Conflicts between the adherents of rational/naturalistic modes and those inclined to magic and mystery have existed at all times. In ancient Greece, Anaxagoras was prosecuted for his impiety. In ancient China, the works of Mo-Ti were fed to the flames because he was too much of a scientific philosopher. The materialist Carvaka was vilified in ancient India. Scientific heretics have had to face the wrath of traditionalists in practically every culture. The fate of Galileo was not a unique phenomenon in human history.
When inquisitions, excommunication, and book-burning became no longer fashionable (in scientifically awakened societies), and it was becoming ever more difficult to challenge on logical grounds the scientific mode of comprehending the world, the devotees of supernaturalism started to argue, in the spirit of if you can’t beat ‘em join ‘em, that religion and science were perfectly compatible and complementary. Modern apologists of non-Christian traditions have followed suit, suggesting that there has never been any conflict between science and religion in their own traditions. Thus, enlightened advocates have been ably pointing to the commonalty between science and the particular theologies to which they subscribe, albeit in appropriately modified and nebulous versions of the same. Their goal has quite simply been to make the world views of their favored revered texts as compatible as possible with the scientific tenets of the age.

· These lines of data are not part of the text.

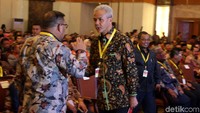 Gubernur Jawa Tengah, Ganjar Pranowo hadir dengan memakai batik lengan panjang.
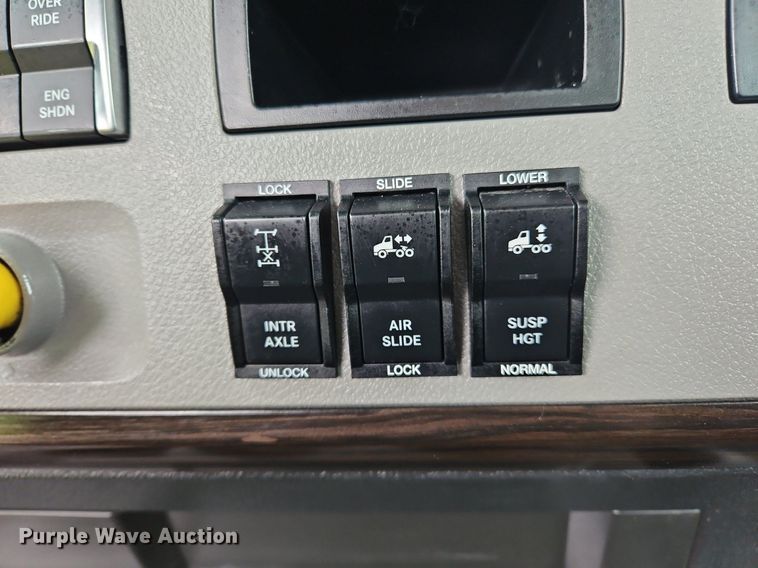 image for item OK9967 2019 Freightliner  Cascadia  semi truck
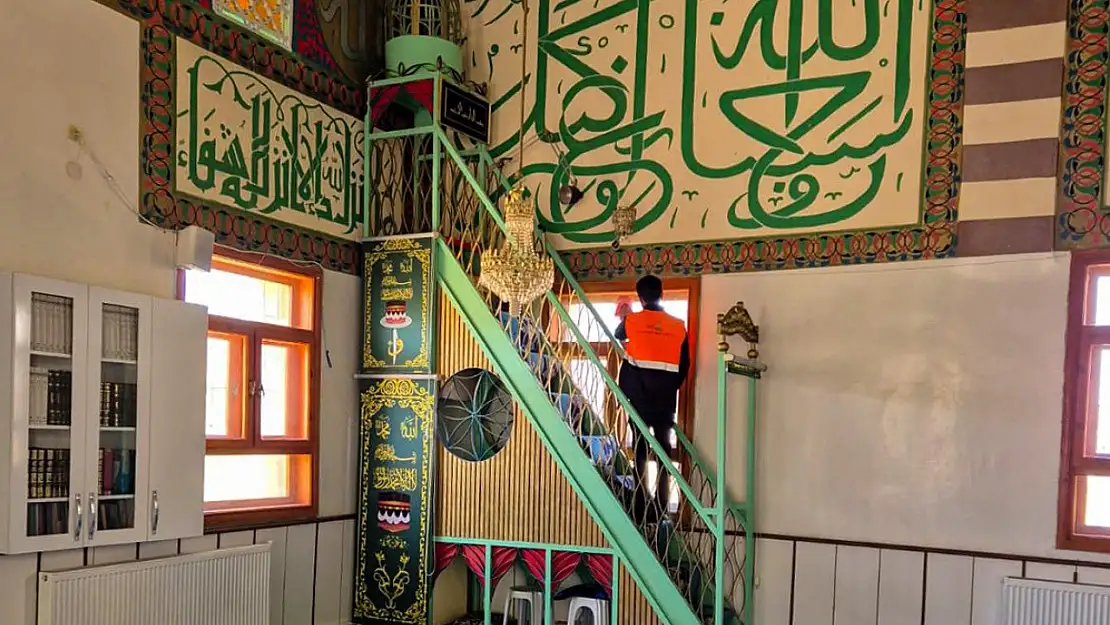 Van'da cami hijyen standartları artıyor, temizlik çalışmalarına hız verildi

Given that, for the non-Western world, modern science is of alien vintage, and seeing the sorry spectacle of pollution, crimes and climbing divorce rates in industrialized countries, some argue that Western science, based on materialistic values and leading to exploitation of nature, may have much to learn from non-Western cultures wherein the sacredness of Nature, harmony and other wholesome ecological insights have always been the guiding principles. In this context, a few popularizers of science have been propagating the thesis that the esoteric epistemology of current fundamental physics is merely a re-formulation of ancient mystical aphorisms.
While this happy marriage between science and mysticism is being conducted, another ancient school of thought still survives. Its goal is to demonstrate that scientific knowledge (a) is not reliable; (b) that even if it were, it is certainly not more reliable than religious knowledge; (c) that it is not as objective as it is claimed to be; and (d) that it is potentially dangerous.
Already in the 16th century, Cornelius Agrippa warned that “there is nothing more deadly than to be, as it were, rationally mad.” From George Berkeley in the 18th century who wrote The Analyst as “a discourse addressed to an infidel mathematician wherein it is examined whether the object, principles, and inferences of the modern analysis are more distinctly conceived, or more certainly deducted, than religious mysteries and points of faith,” to the modern philosopher who regards science as “conspicuous, noisy, and impudent”, there have been any number of intelligent thinkers who have reveled and rejoiced in exposing the limitations of the scientific enterprise.
Scientists in their professional work are generally indifferent to these noises, so science marches on with its thousand strides. They recognize, often at a deeper level than some of their harshest critics, what the scope and limitations of science are. Few serious scientists would claim that science’s views of the world are absolute or ultimate. Unfortunately, the scientific enterprise also adamantly refuses to pay homage to unscientific endeavors to explain the world, let alone solve our material problems. This provokes the wrath of the anti-science crowds.